Retour en Argentine, par Frederika Amalia Finkelstein, écrivain

©Frederika Amalia Finkelstein

« Ce livre est une déclaration d’amour et de peur à la vie, à la mémoire, à mon enfance. »

Qu’y a-t-il dans un nom (William Shakespeare, Herman Melville, Jacques Derrida, Hélène Cixous) ?

Qu’y a-t-il dans la mélancolie ?

Qu’y a-t-il dans le silence avec lequel on écrit, ou joue du piano (Glenn Gould) ?

Argentine est le nom de l’exil, du tango, et de la catastrophe.

Diego Maradona est le nom de Dieu.

Mère est le nom d’une femme cherchant son fils disparu.

Mai est le nom d’une place insurrectionnelle et hantée.

En écrivant Aimer sans savoir, être sans comprendre, son troisième livre après L’Oubli (2004) et Survivre (2017), Frederika Amalia Finkelstein interroge une nouvelle fois le mystère de ses origines et de sa construction identitaire, entre unité et dispersion, concrétion d’être et dissolution du moi.

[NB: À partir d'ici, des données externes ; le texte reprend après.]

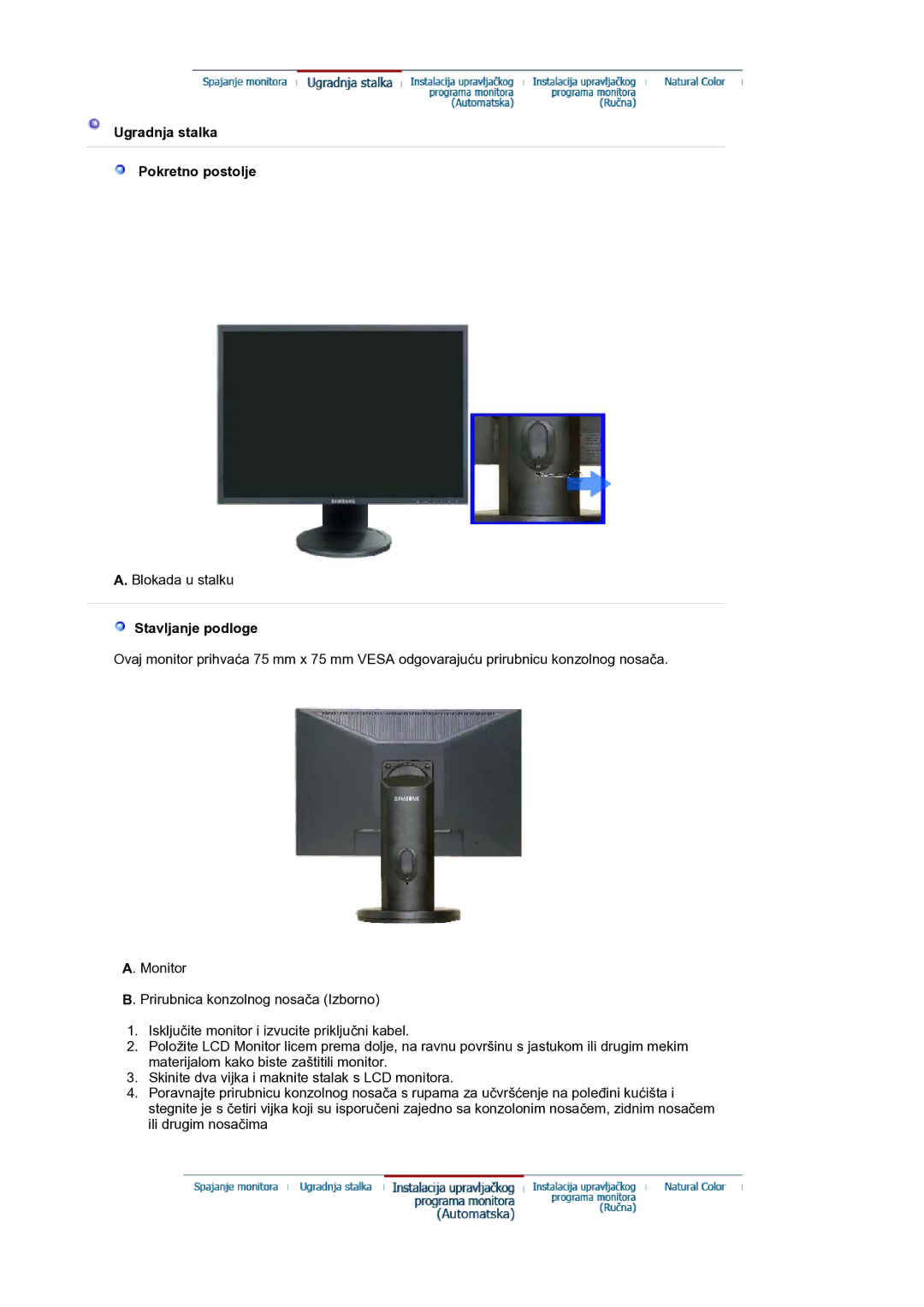 Samsung LS20HAWCSQ/SAI, LS20HAWCSQ/EDC, LS20HAWCSZ/EDC manual Ugradnja stalka Pokretno postolje, Stavljanje podloge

S’il ne lui est pas possible de se rendre à Auschwitz en voyage mémoriel, et d’en faire, peut-être, d’une certaine façon, le deuil, le retour en Argentine, où son grand-père polonais émigra afin de fuir les persécutions antisémites, est pour Frederika Amalia Finkelstein l’objet d’un livre placé sous l’autorité de Virginia Woolf et des flux de conscience.

Aimer sans savoir, être sans comprendre comporte une dimension hypnagogique : souvenirs/rêves du premier amour, Fernando, de la maison d’enfance à Miramar, à cinq cents kilomètres au sud de Buenos Aires, des corps qui ont contenu, soutenu, retenu une petite fille au cœur déchiré par l’Histoire.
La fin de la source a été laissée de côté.